Министр согнул гибкое лезвие пополам.

— Да… чем больше узнаешь, тем больше удивляешься этому диковинному народу. Граф, — сказал он, вдруг меняя тон, — придется вам ехать в Турцию.

Оба помолчали. Граф выжидательно смотрел на министра. Министр качнул париком.

— В Турции, — продолжал он, — как вы знаете, все еще пребывает шведский король Карл Двенадцатый. После полтавского поражения он так и не вернулся на родину. Все добивается военного союза с могущественной Турцией и хочет привести с собой не менее чем стотысячное войско янычар. Карл плохой дипломат, но на поле боя это лев. Да, да, не удивляйтесь. Полтавское поражение — случайность. Ведь Карл помогал туркам своими советами во время неудачного для Петра Прутского похода. Фактически он тогда командовал турками. Надо немедленно вернуть Карла на родину; только он сможет объединить все еще могучее шведское войско и перейти от обороны к наступлению. И строптивый шведский сенат при нем завизжит, как свора собак под ударами арапника.

— Когда надо ехать? — устало спросил граф.

— Сегодня, — ответил министр, вставая. — Французский посланник при турецком дворе ваш союзник в этом деле. Дорогой граф, — министр возвел глаза к потолку, — интересы австрийской империи и интересы ордена воинов Иисуса не всегда совпадают. Политика Австрии еще не совсем определилась. Быть может, его цезарскому величеству приятно иметь могучую союзницу Россию, граничащую с Турцией и ей враждебную. Но ордену Иисуса такая союзница не подходит. Царь Петр равнодушен к вопросам веры. Однако он не симпатизирует католицизму. Церковь в России подчинена государству. Вера в бога умирает, если в религии перестают искать утешения от бедствий. Пусть турки грозят Венгрии и всей Европе, наш орден от этого укрепится!

Глава 21 СЕВЕРНЫЙ ЛЕВ

Карл, слегка припадая на раненую ногу, шагал от стола к стене и от стены снова к столу. Он шагал так уже более часа. Это не был утренний моцион — северному льву было тесно в его клетке, он жаждал простора. И он хотел, чтобы скорей приехал французский посланник.
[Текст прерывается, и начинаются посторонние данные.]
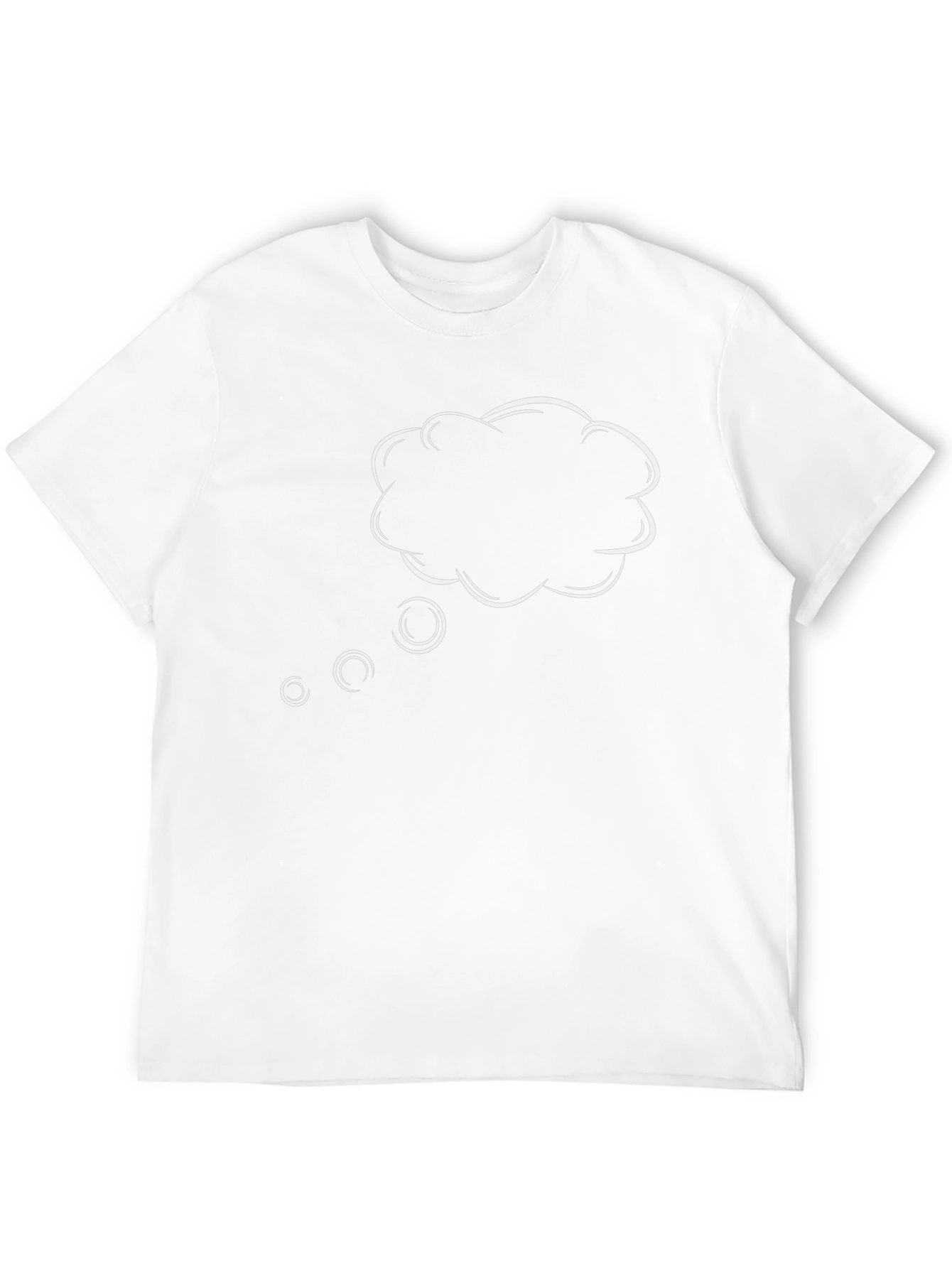 Black T-Shirt with Think Bubble Design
Когда-то один придворный льстец сказал:

— Столица государства там, где король!

Если поверить этому, столица Швеции теперь рыщет по всей Турции.

Ничего, ничего… Он, Карл XII, из тех людей, которые умеют и дважды, и трижды оседлывать заново свою судьбу! Это еще не конец славного царствованья! Это — только этап, один из этапов…
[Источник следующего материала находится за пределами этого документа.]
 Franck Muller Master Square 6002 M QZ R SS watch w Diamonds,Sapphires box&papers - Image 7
Четырнадцать лет назад, почти мальчиком, Карл Пфальцский начал войну с дикой Московией, вопреки воле этих жирных гусаков, этих трусов — министров, сенаторов, купчишек… Ох, как они все боялись войны, как они дрожали за свое благополучие, за свои доходы! Как хотелось им добиться того же — да, того же! — но ничем не рискуя, добиться скаредностью, подкупами, интригами, шведским тупым терпеньем! Где им было понять, что королям нужна воинская слава, лавры победителя, гром боевых труб в день пятой, седьмой, сотой победы… То, что для них мишура, для венценосца смысл и цель жизни!

Начало было блестящим. Закаленные гренадеры Швеции не раз одерживали верх над новыми мужицкими полками этого варвара Петра. Под Нарвой русским был учинен полный разгром. Армия московитов разбежалась, только гвардейские полки умудрились уцелеть и отойти в полном боевом порядке. А! Теперь-то господа сенаторы раболепно рукоплескали, приветствуя юного героя; теперь все было дано ему: дополнительные наборы рекрут, деньги на военные нужды, пушки, мушкеты — все… Так что же случилось?
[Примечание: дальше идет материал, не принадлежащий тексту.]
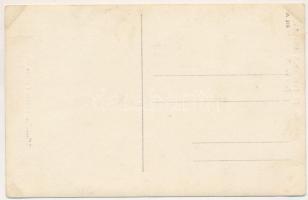 1929 Gyulafehérvár, Karlsburg, Alba Iulia; Cetate Poarta III. Foto Bach / a három vezér emlékműve, l...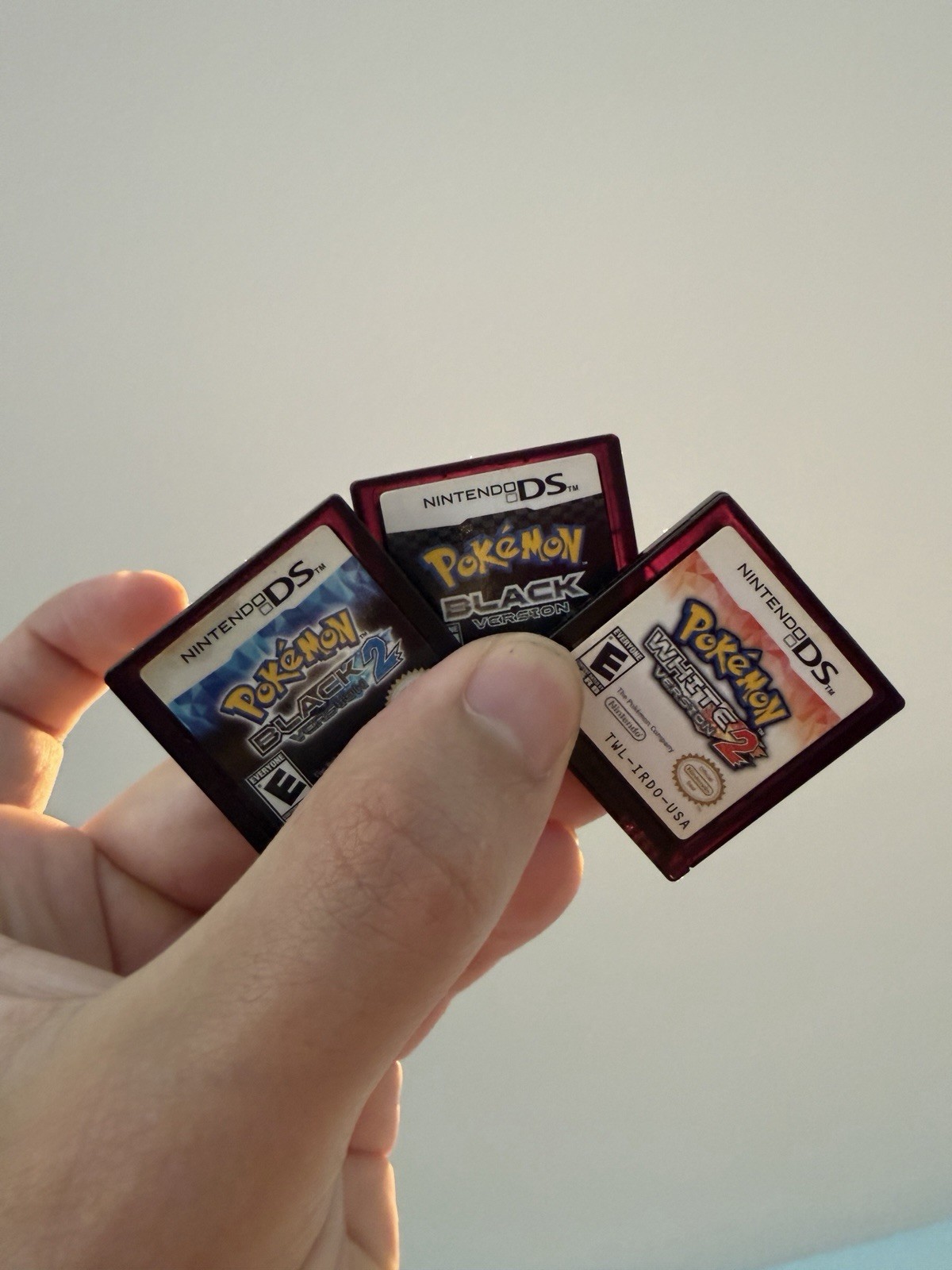 Pokemon Black (1 and 2) and White 2(AIl 3 Game Bundle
Да, Петр был побежден, отступил… Но вот он укрепляет Новгород, готовясь к новым вторжениям… Вот русские отбирают у шведов — у него, Карла! — всю новгородскую вотчину свою… Они выходят к устью реки Невы, к берегу Финского залива…

Русские овладели крепостью Нотебург. Теперь это их Шлиссельбург, Ключ-Город. Поистине ключ, надежно заперший выход из Ладоги в Неву, к морю! Они взяли городок Ниеншанц, в среднем течении реки, там, где в нее впадает болотистая Охта. Городишко ничтожен, но через него велась обширная торговля… А главное — чуть пониже, в самом устье, у залива, Петр заложил новую крепость и город, названный его именем — Питерсбурх… И даже осмелился перенести туда свою столицу…

Карл шагал и шагал по полутемной, прохладной турецкой горнице, от стены к столу, от стола — к стене. Ныли контуженный бок и раненая нога. Он не морщился — полководец должен скрывать телесные страдания; никто не смеет о них догадываться… Но куда более жгучими, чем нудная боль, были эти воспоминания…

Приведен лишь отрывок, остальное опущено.